• Maitre Jonathan Sémon

La notion de couple mixte en droit fiscal

Mis à jour : 13 nov. 2019

D’une manière générale, la détermination de la résidence fiscale d’une personne physique depuis la fin de la notion de « chef de famille » en 1983 s’apprécie uniquement en fonction des caractéristiques de la situation de chacun des conjoints.


Cette interprétation a été confirmée par la doctrine administrative qui précise que les époux sont placés sur un pied de stricte égalité (BOI-IR-CHAMP-10 n° 80 et 90).


Il en ressort que les époux ou les partenaires liés par un pacte civil de solidarité (PACS) sont en principe soumis à l'imposition commune en France, quelle que soit leur nationalité, lorsque l'un ou l'autre :

- a en France son foyer ou le lieu de son séjour principal,

- ou exerce en France une activité professionnelle, salariée ou non, à moins qu'il ne justifie que cette activité y est exercée à titre accessoire,

- ou possède en France le centre de ses intérêts économiques.


Si l'un des époux ou partenaires ne répond pas à ces critères, l'obligation fiscale du ménage ne porte que sur :

- l'ensemble des revenus de l'époux ou du partenaire domicilié en France,

- les revenus de source française de l'autre époux ou partenaire (sous réserve des conventions internationales).


Eu égard aux critères évoqués ci-dessus et au principe posé par la doctrine administrative d'appréciation individuelle du domicile fiscal (BOI-IR-CHAMP-10 n° 80 et 90), il peut arriver qu'au sein d'un même couple l'un des époux soit considéré comme fiscalement domicilié en France alors que l'autre sera considéré comme fiscalement domicilié hors de France.


C'est ce que l'on appelle un « couple mixte » au sens fiscal du terme.


En pratique, la résidence fiscale d'un contribuable s'apprécie toujours en deux étapes.


Il convient, en premier lieu, de rechercher si la France le considère comme fiscalement domicilié sur son territoire, au sens de sa législation.
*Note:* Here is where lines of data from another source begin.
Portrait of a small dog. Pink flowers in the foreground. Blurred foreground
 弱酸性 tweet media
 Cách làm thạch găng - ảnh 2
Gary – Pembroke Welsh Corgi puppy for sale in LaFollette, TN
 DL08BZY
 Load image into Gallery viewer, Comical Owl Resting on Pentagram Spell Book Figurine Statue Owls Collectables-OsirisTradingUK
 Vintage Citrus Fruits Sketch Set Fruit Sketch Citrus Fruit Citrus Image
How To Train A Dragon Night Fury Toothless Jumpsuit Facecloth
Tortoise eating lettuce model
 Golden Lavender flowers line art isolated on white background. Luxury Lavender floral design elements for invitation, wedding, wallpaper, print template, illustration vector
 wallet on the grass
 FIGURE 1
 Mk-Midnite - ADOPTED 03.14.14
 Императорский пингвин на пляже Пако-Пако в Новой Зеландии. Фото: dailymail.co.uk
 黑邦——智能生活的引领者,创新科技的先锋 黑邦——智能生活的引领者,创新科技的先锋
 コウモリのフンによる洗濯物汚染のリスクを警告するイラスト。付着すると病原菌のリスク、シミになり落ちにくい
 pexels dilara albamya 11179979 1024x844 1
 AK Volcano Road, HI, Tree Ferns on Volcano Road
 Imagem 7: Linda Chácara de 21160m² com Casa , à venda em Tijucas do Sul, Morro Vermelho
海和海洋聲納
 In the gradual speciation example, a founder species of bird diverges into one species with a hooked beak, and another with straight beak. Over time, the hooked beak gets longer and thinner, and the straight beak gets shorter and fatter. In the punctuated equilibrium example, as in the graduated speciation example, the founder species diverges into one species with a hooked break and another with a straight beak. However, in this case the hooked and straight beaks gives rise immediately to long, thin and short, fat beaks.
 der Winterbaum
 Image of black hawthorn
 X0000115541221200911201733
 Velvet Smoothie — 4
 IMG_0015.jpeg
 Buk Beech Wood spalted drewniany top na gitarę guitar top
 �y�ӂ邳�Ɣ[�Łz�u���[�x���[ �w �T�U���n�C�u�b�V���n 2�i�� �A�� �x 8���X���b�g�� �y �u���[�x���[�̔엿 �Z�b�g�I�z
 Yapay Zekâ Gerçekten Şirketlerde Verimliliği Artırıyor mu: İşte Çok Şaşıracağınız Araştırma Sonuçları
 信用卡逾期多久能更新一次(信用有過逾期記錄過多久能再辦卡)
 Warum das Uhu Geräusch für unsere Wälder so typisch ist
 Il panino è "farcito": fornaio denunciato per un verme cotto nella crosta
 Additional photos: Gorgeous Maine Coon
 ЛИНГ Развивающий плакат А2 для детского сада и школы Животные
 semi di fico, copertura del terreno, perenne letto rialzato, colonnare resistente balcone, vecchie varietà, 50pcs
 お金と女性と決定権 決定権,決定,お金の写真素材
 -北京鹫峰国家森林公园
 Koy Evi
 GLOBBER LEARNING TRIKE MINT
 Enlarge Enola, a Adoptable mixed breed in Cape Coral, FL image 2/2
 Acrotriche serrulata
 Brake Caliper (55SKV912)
Aux termes de l'article 4 B du CGI, sont ainsi considérées ayant leur domicile fiscal en France au sens de l'article 4 A :

- les personnes qui ont en France leur foyer (lieu où la personne ou sa famille habite normalement) ou le lieu de leur séjour principal (lieu où la personne séjourne, sans considération du lieu de séjour de sa famille) ;

- celles qui exercent en France une activité professionnelle, salariée ou non, à moins qu'elles ne justifient que cette activité y est exercée à titre accessoire ;

- celles qui ont en France le centre de leurs intérêts économiques (lieu où l'intéressé a effectué ses principaux investissements, où il possède le siège de ses affaires, d'où il administre ses biens, où il a le centre de ses activités professionnelles ou d'où il tire la majeure partie de ses revenus).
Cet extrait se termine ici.